From tree- to loop-simplicity in affine Toda theories II: higher-order poles and cut decompositions

TL;DR

This paper extends a cutting method for scalar theories to higher loops in affine Toda models, simplifying complex diagrams and confirming consistency with bootstrap results through cancellation mechanisms.

Contribution

It generalizes the cut method to multi-loop diagrams in affine Toda theories, revealing a simplification mechanism and confirming bootstrap predictions.

Findings

Most cut diagrams cancel out, leaving only a few contributing to the result.

The method confirms the Laurent expansion coefficients match bootstrap results.

A cancellation mechanism akin to Gauss's theorem explains diagram simplifications.

Abstract

Recently we showed how, in two-dimensional scalar theories, one-loop threshold diagrams can be cut into the product of one or more tree-level diagrams arXiv:2206.09368. Using this method on the ADE series of Toda models, we computed the double- and single-pole coefficients of the Laurent expansion of the S-matrix around a pole of arbitrary even order, finding agreement with the bootstrapped results.

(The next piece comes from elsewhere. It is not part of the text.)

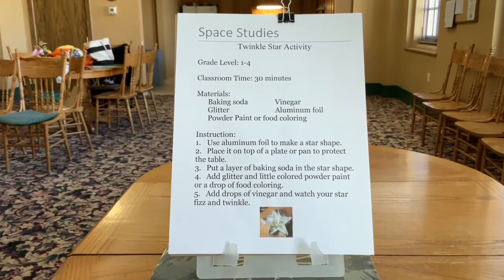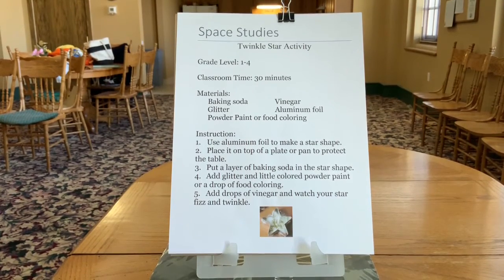Today we're going to do an activity called Twinkle Star, using the old chemical reaction between sodium bicarbonate, or baking soda, and vinegar — acetic acid.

Here we generalise the cut method explained in arXiv:2206.09368 to multiple loops and use it to simplify large networks of singular diagrams. We observe that only a small number of cut diagrams survive and contribute to the expected bootstrapped result, while most of them cancel each other out through a mechanism inherited from the tree-level integrability of these models. The simplification mechanism between cut diagrams inside networks is reminiscent of Gauss's theorem in the space of Feynman diagrams.